Solution: Apply modulo operations more frequently to keep intermediate values small:

# Instead of:
total_sum = (total_sum + (current_num * current_num % MOD) * current_num) % MOD

# Use:
squared = (current_num * current_num) % MOD
cubed = (squared * current_num) % MOD
total_sum = (total_sum + cubed) % MOD

2. Incorrect Order of Operations with Modulo

Another common mistake is applying modulo operations in the wrong order or missing them in certain places.

The Problem: Forgetting to apply modulo to intermediate results can lead to overflow, while applying it incorrectly can produce wrong results.

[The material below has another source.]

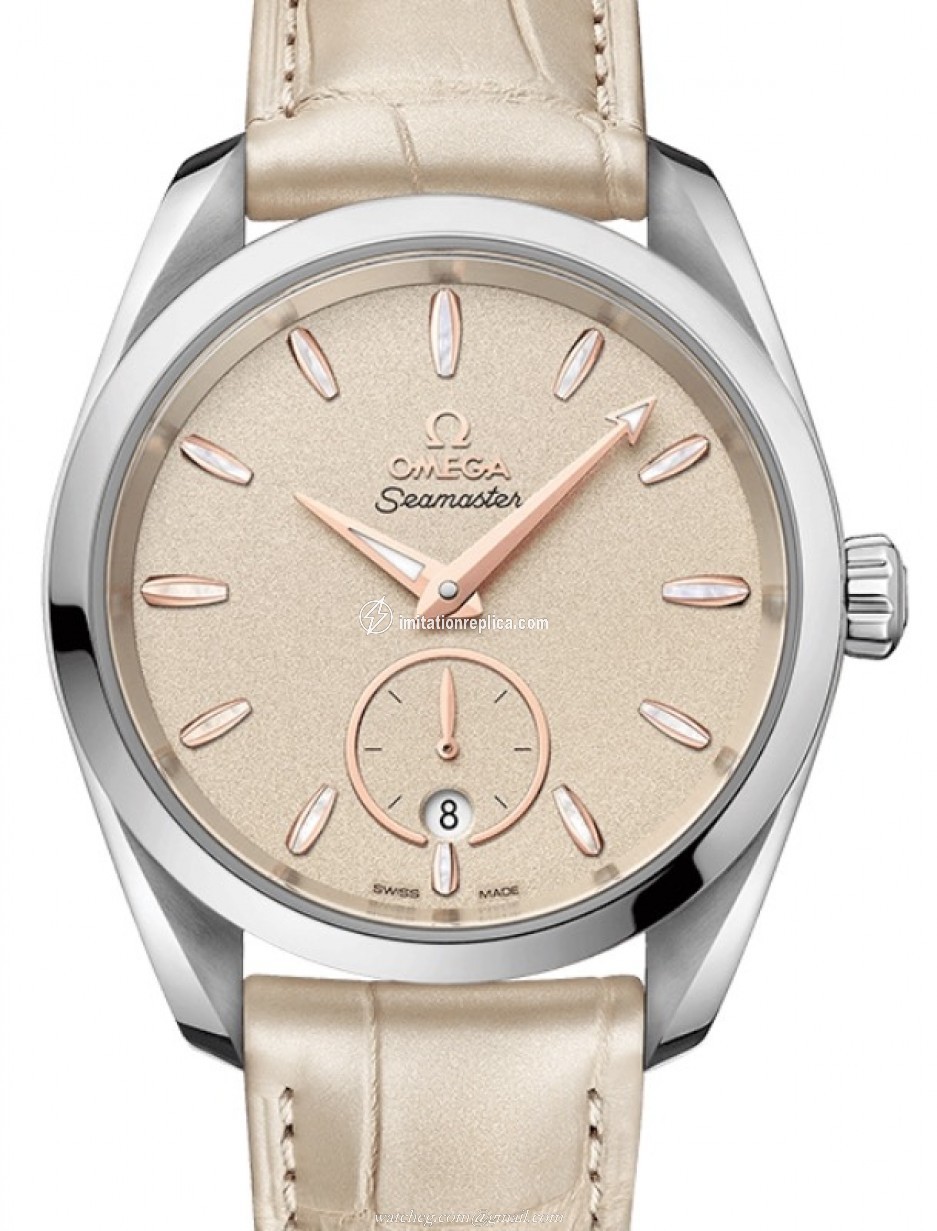 Omega 220.13.38.20.09.001 Seamaster Aqua Terra 150M Men's Automatic Grey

Solution: Ensure modulo is applied consistently after each arithmetic operation:

class Solution:
    def sumOfPower(self, nums: List[int]) -> int:
        MOD = 10**9 + 7
        nums.sort()
      
        total_sum = 0
        prefix_contribution = 0
      
        for current_num in reversed(nums):
            # Break down calculations to avoid overflow
            curr_squared = (current_num * current_num) % MOD
            curr_cubed = (curr_squared * current_num) % MOD
          
            # Add current element's contribution
            total_sum = (total_sum + curr_cubed) % MOD
          
            # Add prefix contribution
            contribution = (current_num * prefix_contribution) % MOD
            total_sum = (total_sum + contribution) % MOD
          
            # Update prefix for next iteration
            prefix_contribution = (2 * prefix_contribution + curr_squared) % MOD
      
        return total_sum

3. Misunderstanding the Prefix Contribution Update

The formula prefix_contribution = (2 * prefix_contribution + current_num^2) is crucial but easy to get wrong.

The Problem:

• Forgetting to multiply by 2 (which represents the doubling of subset counts)
• Adding current_num instead of current_num^2
• Updating prefix_contribution before using it in calculations

Solution: Always update prefix_contribution after using it in the current iteration's calculations, and ensure you're adding the square of the current number.

4. Processing Order Confusion

Processing the array in the wrong direction can lead to incorrect results.

The Problem: The algorithm relies on processing elements from largest to smallest (after sorting) to correctly accumulate the prefix contributions.

Solution: Always sort first, then process in reverse order using reversed(nums) or iterate with reverse indices.